Wave function linear combination

[gfd43tg]

Homework Statement

Homework Equations

The Attempt at a Solution

a) I am not sure exactly what they are looking for, but I said that the operators associate, distribute, and do not necessarily commute.

b) I know by definition ##\langle a' \mid a \rangle = \int a'^{*}a dx = \delta_{a'a}##. This is sort of a weak argument, I am wondering how to give a better answer.

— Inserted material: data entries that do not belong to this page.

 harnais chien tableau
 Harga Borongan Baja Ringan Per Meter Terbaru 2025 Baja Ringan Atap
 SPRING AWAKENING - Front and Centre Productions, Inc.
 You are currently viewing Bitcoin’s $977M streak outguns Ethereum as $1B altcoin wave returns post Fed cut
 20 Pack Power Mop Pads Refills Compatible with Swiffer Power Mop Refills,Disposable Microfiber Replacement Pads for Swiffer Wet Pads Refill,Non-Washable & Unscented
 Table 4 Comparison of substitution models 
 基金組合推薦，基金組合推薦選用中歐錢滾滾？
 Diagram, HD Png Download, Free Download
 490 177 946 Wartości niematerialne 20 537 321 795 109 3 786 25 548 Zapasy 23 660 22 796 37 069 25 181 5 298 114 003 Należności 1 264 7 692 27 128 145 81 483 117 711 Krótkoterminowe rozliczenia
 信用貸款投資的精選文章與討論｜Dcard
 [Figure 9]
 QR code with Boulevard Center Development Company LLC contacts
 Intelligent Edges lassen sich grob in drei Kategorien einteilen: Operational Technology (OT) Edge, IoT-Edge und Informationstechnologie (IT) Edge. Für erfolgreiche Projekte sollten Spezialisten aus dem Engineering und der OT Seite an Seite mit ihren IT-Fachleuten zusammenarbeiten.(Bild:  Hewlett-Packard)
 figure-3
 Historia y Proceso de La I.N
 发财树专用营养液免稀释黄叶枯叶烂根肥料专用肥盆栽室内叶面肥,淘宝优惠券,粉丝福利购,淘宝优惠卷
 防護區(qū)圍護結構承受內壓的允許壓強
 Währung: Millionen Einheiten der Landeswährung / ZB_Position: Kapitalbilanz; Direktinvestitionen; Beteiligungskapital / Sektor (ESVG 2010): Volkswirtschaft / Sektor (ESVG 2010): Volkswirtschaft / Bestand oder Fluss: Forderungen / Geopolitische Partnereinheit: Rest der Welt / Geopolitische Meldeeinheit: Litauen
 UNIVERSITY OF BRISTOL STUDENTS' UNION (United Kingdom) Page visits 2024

c) I understand the question, but not exactly the form in wish is intended. I put
$$ \mid \psi \rangle = \mid 1 0 0 \frac {1}{2} \rangle + A \mid 2 1 1 - \frac {1}{2} \rangle + A \mid 2 1 -1 - \frac {1}{2} \rangle + \sqrt{7}A \mid 2 1 0 - \frac {1}{2} \rangle $$
Another possible answer I have is
$$ \mid \psi \rangle = R_{10}Y_{0}^{0} \chi_{+} + AR_{21}Y_{1}^{1} \chi_{-} + AR_{21}Y_{1}^{-1} \chi_{-} + \sqrt {7} AR_{21}Y_{1}^{0} \chi_{-}$$

d) I'm not sure how to exploit the orthogonal properties, but I do know ##\int \psi^{*}\ \psi dx = 1##, So I chose one of the components of the wave function with the unknown constant ##A##, and did exactly this.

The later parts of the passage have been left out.